Womit wir beim Problem aus unserer Sicht wären: Wenn man die Kriminologie nicht ernst nimmt und den Befund ohnehin schon kennt, sollte man die empirische Sozialforschung nicht für eigene Zwecke funktionalisieren und dabei wissenschaftliche Standards ignorieren. Wenn die Sichtweise der Verf. vom „typischen Unrechtsgewicht“ einer Sexualtat nicht im Gesetzeswortlaut ihren Niederschlag gefunden hat, sollte man nicht die insoweit systemkonforme Strafzumessungspraxis kritisieren. Ein wenig erinnert dieses Vorgehen an Pippi Langstrumpf, die sich die Welt so macht, wie sie ihr gefällt. Und wenn man darüber räsoniert, wie ein gerechtes Strafurteil auszusehen hat, nämlich nicht notwendig milde, sollte man sich Rechenschaft darüber ablegen, welche Strafzwecke man aus der Verfassung abzuleiten meint. So schimmern in der Begrifflichkeit „gerecht“ absolute und tendenziell repressive Straftheorien durch, möglicherweise angereichert mit in dieselbe Richtung weisenden Genugtuungsinteressen der Opfer.

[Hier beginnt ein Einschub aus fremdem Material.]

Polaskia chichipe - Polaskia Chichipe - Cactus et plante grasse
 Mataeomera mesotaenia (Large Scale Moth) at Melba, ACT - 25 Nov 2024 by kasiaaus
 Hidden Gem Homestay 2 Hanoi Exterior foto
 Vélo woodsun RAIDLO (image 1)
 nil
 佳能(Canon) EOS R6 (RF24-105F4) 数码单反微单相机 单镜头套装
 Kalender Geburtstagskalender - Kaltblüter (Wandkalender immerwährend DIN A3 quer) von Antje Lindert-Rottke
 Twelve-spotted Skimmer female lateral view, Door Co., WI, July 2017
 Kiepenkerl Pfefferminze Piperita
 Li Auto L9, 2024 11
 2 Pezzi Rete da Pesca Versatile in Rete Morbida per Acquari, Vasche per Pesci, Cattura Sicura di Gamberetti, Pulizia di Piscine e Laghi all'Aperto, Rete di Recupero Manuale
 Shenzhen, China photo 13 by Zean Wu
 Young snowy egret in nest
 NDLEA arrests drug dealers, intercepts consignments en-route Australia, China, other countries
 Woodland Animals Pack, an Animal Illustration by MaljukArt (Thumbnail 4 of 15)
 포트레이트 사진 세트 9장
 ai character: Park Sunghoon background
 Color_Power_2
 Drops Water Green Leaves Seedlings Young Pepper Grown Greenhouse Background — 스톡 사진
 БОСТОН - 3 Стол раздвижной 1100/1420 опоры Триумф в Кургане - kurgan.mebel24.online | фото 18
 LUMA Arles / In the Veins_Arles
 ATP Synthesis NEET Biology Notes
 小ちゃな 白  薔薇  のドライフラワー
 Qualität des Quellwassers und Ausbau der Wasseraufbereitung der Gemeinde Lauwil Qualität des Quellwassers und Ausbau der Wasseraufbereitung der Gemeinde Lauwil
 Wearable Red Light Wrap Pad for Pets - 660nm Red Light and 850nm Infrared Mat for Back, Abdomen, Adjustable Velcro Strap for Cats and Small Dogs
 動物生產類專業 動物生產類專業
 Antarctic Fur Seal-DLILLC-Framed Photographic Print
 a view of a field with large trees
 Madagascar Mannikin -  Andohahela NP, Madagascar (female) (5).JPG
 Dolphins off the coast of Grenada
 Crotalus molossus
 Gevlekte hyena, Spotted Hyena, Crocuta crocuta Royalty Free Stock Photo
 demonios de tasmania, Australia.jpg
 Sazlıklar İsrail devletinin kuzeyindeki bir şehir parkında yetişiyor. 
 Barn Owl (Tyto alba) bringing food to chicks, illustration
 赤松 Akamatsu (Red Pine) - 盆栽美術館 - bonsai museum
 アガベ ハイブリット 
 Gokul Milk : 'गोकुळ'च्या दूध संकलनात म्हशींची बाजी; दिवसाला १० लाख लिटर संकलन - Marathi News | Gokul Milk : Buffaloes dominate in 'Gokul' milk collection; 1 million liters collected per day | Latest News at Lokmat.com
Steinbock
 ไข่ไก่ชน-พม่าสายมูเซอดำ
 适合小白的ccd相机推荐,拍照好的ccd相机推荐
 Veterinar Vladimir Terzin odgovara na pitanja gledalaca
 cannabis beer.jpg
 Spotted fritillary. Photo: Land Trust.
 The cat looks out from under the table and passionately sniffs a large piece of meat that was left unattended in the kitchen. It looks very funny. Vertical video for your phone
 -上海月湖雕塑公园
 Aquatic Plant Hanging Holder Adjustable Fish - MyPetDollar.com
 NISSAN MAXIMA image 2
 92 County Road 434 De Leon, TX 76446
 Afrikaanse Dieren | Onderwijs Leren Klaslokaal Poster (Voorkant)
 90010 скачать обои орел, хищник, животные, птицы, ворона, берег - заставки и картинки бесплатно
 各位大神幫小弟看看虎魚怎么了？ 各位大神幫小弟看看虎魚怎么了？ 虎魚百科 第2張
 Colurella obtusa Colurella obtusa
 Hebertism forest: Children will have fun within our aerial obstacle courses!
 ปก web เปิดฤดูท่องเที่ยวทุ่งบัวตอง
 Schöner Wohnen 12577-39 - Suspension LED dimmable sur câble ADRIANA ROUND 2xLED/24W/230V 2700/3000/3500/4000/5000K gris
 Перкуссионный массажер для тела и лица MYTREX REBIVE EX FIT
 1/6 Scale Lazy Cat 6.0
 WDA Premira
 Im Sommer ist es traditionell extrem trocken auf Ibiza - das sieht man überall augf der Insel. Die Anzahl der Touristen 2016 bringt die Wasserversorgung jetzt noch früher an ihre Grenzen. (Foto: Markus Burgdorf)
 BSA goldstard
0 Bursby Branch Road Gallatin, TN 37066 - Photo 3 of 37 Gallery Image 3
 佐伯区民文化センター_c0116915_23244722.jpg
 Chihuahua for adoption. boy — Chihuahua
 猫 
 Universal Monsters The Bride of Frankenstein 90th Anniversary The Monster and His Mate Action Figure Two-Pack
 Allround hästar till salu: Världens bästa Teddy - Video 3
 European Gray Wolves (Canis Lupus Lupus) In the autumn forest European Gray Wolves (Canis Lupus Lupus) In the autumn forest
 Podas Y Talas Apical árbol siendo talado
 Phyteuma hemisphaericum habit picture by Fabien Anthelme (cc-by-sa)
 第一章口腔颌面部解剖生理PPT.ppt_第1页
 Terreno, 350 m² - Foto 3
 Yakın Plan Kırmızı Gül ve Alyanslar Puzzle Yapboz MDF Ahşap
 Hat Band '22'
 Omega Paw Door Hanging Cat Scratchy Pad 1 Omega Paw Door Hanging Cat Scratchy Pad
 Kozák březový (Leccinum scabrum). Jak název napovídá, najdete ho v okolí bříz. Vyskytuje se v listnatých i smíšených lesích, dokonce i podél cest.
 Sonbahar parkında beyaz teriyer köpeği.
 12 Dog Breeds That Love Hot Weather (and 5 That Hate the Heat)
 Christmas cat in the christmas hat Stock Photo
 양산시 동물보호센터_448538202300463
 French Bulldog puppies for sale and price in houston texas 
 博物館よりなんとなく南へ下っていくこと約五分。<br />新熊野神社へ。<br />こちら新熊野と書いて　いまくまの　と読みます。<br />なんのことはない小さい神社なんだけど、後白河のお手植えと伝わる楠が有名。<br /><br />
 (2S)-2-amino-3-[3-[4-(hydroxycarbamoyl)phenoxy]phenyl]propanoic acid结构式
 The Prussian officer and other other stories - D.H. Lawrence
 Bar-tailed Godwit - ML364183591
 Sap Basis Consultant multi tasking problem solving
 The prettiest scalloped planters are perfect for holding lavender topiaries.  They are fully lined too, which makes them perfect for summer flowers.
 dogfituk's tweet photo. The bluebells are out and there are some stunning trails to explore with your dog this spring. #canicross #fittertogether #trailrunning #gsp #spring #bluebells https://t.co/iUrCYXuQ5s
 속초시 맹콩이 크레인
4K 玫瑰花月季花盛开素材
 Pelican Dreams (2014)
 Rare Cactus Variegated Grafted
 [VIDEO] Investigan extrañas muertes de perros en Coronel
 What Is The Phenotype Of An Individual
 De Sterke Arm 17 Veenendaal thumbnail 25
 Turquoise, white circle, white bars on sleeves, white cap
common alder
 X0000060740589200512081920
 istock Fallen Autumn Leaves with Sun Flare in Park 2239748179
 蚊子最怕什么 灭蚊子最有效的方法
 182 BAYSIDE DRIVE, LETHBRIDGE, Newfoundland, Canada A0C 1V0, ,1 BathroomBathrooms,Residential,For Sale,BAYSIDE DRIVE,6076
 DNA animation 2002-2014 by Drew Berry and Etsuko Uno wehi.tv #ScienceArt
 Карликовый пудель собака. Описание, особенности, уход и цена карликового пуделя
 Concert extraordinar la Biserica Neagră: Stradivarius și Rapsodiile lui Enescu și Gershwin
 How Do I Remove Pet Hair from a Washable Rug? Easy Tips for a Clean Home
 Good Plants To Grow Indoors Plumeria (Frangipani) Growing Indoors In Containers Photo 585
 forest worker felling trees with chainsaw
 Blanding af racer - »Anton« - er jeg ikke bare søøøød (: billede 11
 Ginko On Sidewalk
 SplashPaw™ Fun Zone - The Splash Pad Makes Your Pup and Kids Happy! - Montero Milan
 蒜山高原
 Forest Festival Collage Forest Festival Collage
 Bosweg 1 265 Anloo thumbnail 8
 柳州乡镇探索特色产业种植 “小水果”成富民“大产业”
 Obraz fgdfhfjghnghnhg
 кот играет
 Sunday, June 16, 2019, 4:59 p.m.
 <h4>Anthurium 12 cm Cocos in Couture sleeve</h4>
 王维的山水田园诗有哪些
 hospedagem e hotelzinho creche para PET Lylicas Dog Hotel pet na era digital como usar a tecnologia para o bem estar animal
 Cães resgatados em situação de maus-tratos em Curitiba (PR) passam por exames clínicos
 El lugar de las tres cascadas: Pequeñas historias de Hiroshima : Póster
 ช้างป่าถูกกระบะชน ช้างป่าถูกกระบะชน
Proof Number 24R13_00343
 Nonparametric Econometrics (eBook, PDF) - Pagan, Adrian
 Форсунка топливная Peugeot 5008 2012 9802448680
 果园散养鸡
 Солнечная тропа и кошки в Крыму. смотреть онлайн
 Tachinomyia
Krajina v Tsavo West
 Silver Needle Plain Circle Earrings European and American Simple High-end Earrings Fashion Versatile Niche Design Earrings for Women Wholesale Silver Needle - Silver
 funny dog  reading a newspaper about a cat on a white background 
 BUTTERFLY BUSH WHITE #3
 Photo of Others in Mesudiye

Hätte sich Elisa Hoven auf mit dem GG allein in Einklang zu bringende relative Straftheorien zurückgezogen, so hätte sie sogar auf einen weitgehend gesicherten empirischen Erkenntnisstand zurückgreifen können, ohne in ihrem unerschütterlichen Selbstbewusstsein gleich die nächste empirische Untersuchung angehen zu müssen. Alle relativen Strafzwecke, von der Abschreckung über die positive Generalprävention bis hin zur Resozialisierung, versagen, nur eines funktioniert ohne jeden Zweifel: das Bewirken von Leid durch die Strafen. Und hierüber sollte man nicht ins Grübeln geraten, wenn man nach härteren Strafen im Namen des Volkes ruft?
Elisa Hoven jedenfalls nicht. Sie hat noch einmal im wissenschaftlichen Fachmagazin „Legal Tribune Online“ („Düsteres Trauerspiel um Mops Edda“) nachgelegt, den Vorwurf des Populismus brüsk zurückgewiesen und zur Sicherheit mit der Strafmündigkeitsgrenze noch ein wenig gezündelt, um die Aufmerksamkeitsschwelle hochzuhalten.
Hoven in https://www.lto.de/persistent/a_id/55153
Schon in der letzten Ausgabe unseres Newsletters war der Kriminologe Sebastian Scheerer mit seinem politisch-publizistischen Verstärkerkreislauf zur Sprache gekommen. Und wir haben mit dem Populismus ein drittes P hinzugefügt. Elisa Hoven hat bei allen Ps ihre Hände mit im Spiel. Möge ihr Vorhaben misslingen.